JUANITA SWEDENBURG, IN HER OWN CAPACITY AND AS PROPRIETOR OF SWEDENBURG WINERY, A VIRGINIA PARTNERSHIP; DAVID LUCAS, IN HIS OWN CAPACITY AND AS PROPRIETOR OF THE LUCAS WINERY, A CALIFORNIA SOLE PROPRIETORSHIP; PATRICK FITZGERALD; CORTES DERUSSY; AND ROBIN BROOKS PLAINTIFF,
V.
EDWARD F. KELLY, CHAIRMAN, AND LAWRENCE J. GEDDA AND JOSEPH ZARRIELLO, COMMISSIONERS, OF THE STATE LIQUOR AUTHORITY, DIVISION OF ALCOHOLIC BEVERAGE CONTROL, STATE OF NEW YORK, IN THEIR OFFICIAL CAPACITIES, DEFENDANTS, AND CHARMER INDUSTRIES, INC., PEERLESS IMPORTERS INC., EBER BROTHERS WINE & LIQUOR CORP., PREMIER BEVERAGE COMPANY LLC, METROPOLITAN PACKAGE STORE ASSOCIATION, INC., LOCAL 2D OF THE ALLIED FOOD AND COMMERCIAL WORKERS INTERNATIONAL UNION, AND DR. CALVIN BUTTS INTERVENOR-DEFENDANTS.



The opinion of the court was delivered by: Berman, District Judge.

DECISION AND ORDER

I. Introduction

This case is one of a series of recent constitutional challenges to state alcoholic beverage control laws, particularly as they relate to the direct shipment of wine. What the cases all have in common is the relationship (and tension) between the Commerce Clause of the United States Constitution, which empowers Congress to regulate commerce among the several states, and the Twenty-first Amendment to the Constitution, which grants to the states the power to regulate the importation and distribution of alcoholic beverages within their borders. The Court concludes that the New York ban on the direct shipment of out-of-statewine is unconstitutional.

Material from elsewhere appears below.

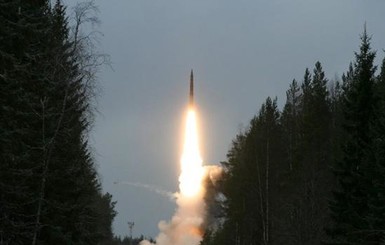 В России с космодрома запустили межконтинентальную баллистическую ракету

On February 3, 2000, Plaintiffs Juanita Swedenburg ("Swedenburg") and David Lucas ("Lucas"), proprietors of two out-ofstate wineries, and Patrick Fitzgerald ("Fitzgerald"), Cortes DeRussy ("DeRussy"), and Robin Brooks ("Brooks"), three New York State consumers of wine (collectively "Plaintiffs") filed an action against Defendants Edward F. Kelly ("Kelly"), Chairman of the New York State Liquor Authority, and Lawrence J. Gedda ("Gedda") and Joseph Zarriello ("Zarriello"), Commissioners of the New York State Liquor Authority, requesting that the Court "[d]eclare . . . N.Y. Alco. and Bev. Cont. Law §§ 102(l)(a), (c), and (d) [`ABC Law'] . . . unconstitutional, void, and of no effect[.]"*fn1 Compl. at 10. Plaintiffs claim that "the Direct Shipment and Advertising Ban violates the rights of all the plaintiffs to freedom of commerce as guaranteed by the interstate commerce clause," id. ¶ 38, "the economic liberty of the plaintiffs Swedenburg and Lucas under the privileges and immunities guarantee," id. ¶ 46, and, "the right of the winery plaintiffs to produce, and of the consumer plaintiffs to receive, protected speech in violation of the First Amendment." Id. ¶ 54.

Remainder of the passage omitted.